Rose never cleaned up after the children either, only pulling out her small lemon-patterned rag when the lady of the house passed by. One of the maids started screaming when she discovered the bathtub was filled with frogs. Hazel came in and informed her that she and Rose had kissed them but were waiting to give them the opportunity to turn into princes. Maybe it wasn’t something they could do at the drop of a hat.
“Maybe there are naked princes wandering the earth, looking for the damn girls who kissed them and then just took off.”
One night she was up late eating a bowl of whipped cream with the children.
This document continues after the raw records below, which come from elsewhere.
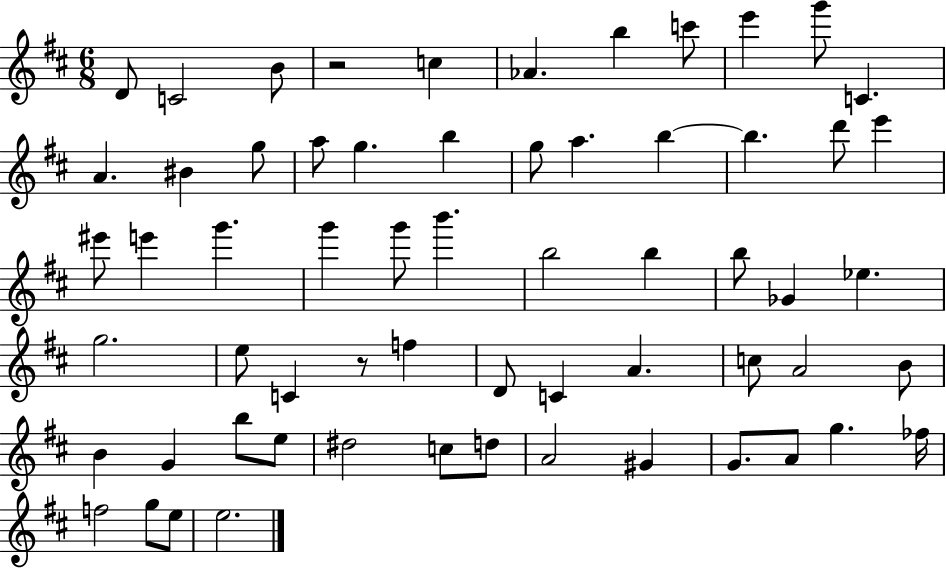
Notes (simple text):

D4/e C4/h B4/e R/h C5/q Ab4/q. B5/q C6/e E6/q G6/e C4/q. A4/q. BIS4/q G5/e A5/e G5/q. B5/q G5/e A5/q. B5/q B5/q. D6/e E6/q EIS6/e E6/q G6/q. G6/q G6/e B6/q. B5/h B5/q B5/e Gb4/q Eb5/q. G5/h. E5/e C4/q R/e F5/q D4/e C4/q A4/q. C5/e A4/h B4/e B4/q G4/q B5/e E5/e D#5/h C5/e D5/e A4/h G#4/q G4/e. A4/e G5/q. FES5/s F5/h G5/e E5/e E5/h. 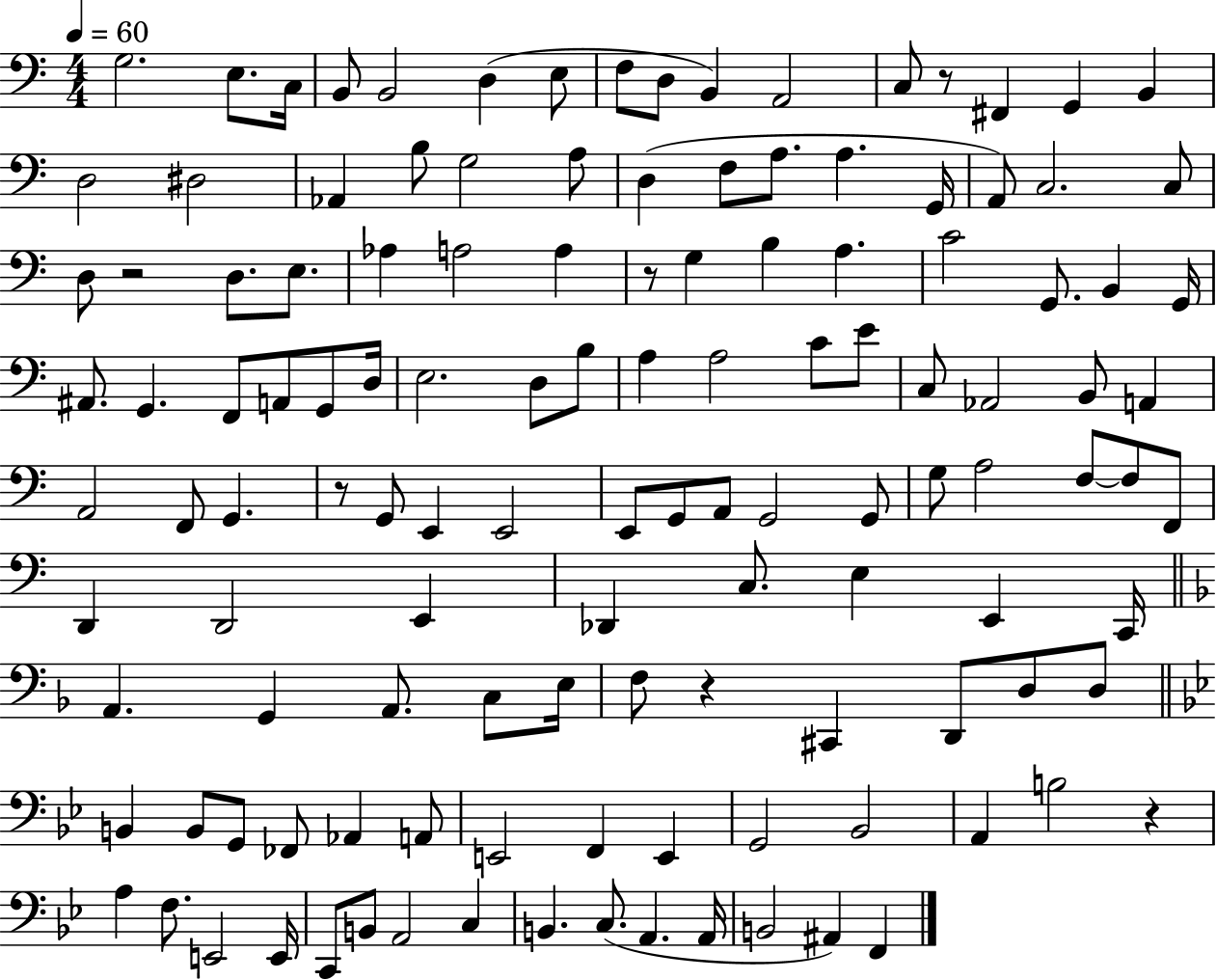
X:1
T:Untitled
M:4/4
L:1/4
K:C
G,2 E,/2 C,/4 B,,/2 B,,2 D, E,/2 F,/2 D,/2 B,, A,,2 C,/2 z/2 ^F,, G,, B,, D,2 ^D,2 _A,, B,/2 G,2 A,/2 D, F,/2 A,/2 A, G,,/4 A,,/2 C,2 C,/2 D,/2 z2 D,/2 E,/2 _A, A,2 A, z/2 G, B, A, C2 G,,/2 B,, G,,/4 ^A,,/2 G,, F,,/2 A,,/2 G,,/2 D,/4 E,2 D,/2 B,/2 A, A,2 C/2 E/2 C,/2 _A,,2 B,,/2 A,, A,,2 F,,/2 G,, z/2 G,,/2 E,, E,,2 E,,/2 G,,/2 A,,/2 G,,2 G,,/2 G,/2 A,2 F,/2 F,/2 F,,/2 D,, D,,2 E,, _D,, C,/2 E, E,, C,,/4 A,, G,, A,,/2 C,/2 E,/4 F,/2 z ^C,, D,,/2 D,/2 D,/2 B,, B,,/2 G,,/2 _F,,/2 _A,, A,,/2 E,,2 F,, E,, G,,2 _B,,2 A,, B,2 z A, F,/2 E,,2 E,,/4 C,,/2 B,,/2 A,,2 C, B,, C,/2 A,, A,,/4 B,,2 ^A,, F,,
The whipped cream suddenly reared into a white stallion on its hind legs. Ernest was so hyperactive when he was finished eating all that cream that he ran down the street in his underwear and threw a baseball through a friend’s window.
On another afternoon, a snowman appeared outside the house with a knife in its chest and red food dye spreading down from its wound. And a large flat stone for a mouth that made him look as though he were screaming at the top of his lungs.
Although Hazel and Ernest were becoming even wilder under Rose’s tutelage, there was no way anyone would fire Rose because the children had clearly decided that she was going to stay. There would be a terrifying uproar if she left, the likes of which the house had never seen.